# 95 Chevy Silverado 4x4 for trade.



## colorcountrygunner (Oct 6, 2009)

I own a 95 Chevy Silverado extended cab 4x4 with 203,500 miles on it I am looking to trade for hunting gear or perhaps other stuff. In interest of full disclosure it has a cracked windshield, the AC doesn't work, the cable that holds the spare tire broke and I have been carrying the spare in the bed. The body has some rust on the hood and some dents and scratches. The truck fires right up and runs great though. I drove it all over the place until I recently bought my 08 Dodge Ram, and it is very reliable. 

Kelly blue book shows a truck of this make, model, year, and mileage in "fair" condition valuing $1,900. I would like to try to get a $1,500 value out of the trade. I'm willing to be a little flexible here but please try to keep all offers reasonable and in the ball park. If your item(s) don't quite reach the ball park I'm open to a trade plus cash. I'm not really looking to spend money myself so if your item(s) exceed the value of this truck, then it's probably not a trade I want to make.

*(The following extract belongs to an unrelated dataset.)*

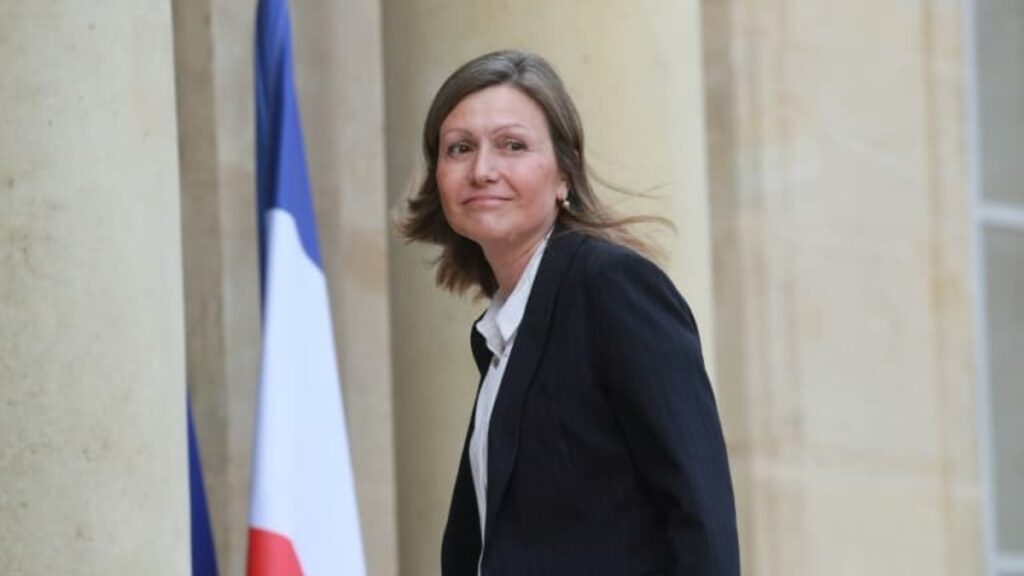 Droits des femmes : 25 présidentes d'Assemblée du monde entier invitées à Paris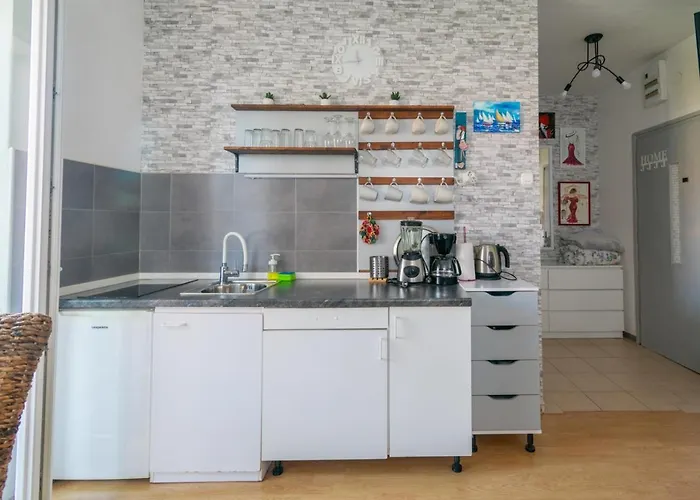 Apartment By The Sea - 19336 Zadar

Items I am interested in are nice spotting scopes with tripods, quality big game hunting rifles with good glass, high end binos, if you're a reputable gunsmith I have a gun that needs a new barrel and another that needs a new trigger put in. If you have any hook ups for tires I need a set for my new truck. I may be open to other trades. Just try me! I didn't upload any pictures here because it is easier for me to just text them, so if you are interested and want pictures just let me know and I can text them to you. (435) 559-4409 Jessie


----------



## colorcountrygunner (Oct 6, 2009)

SOLD!


----------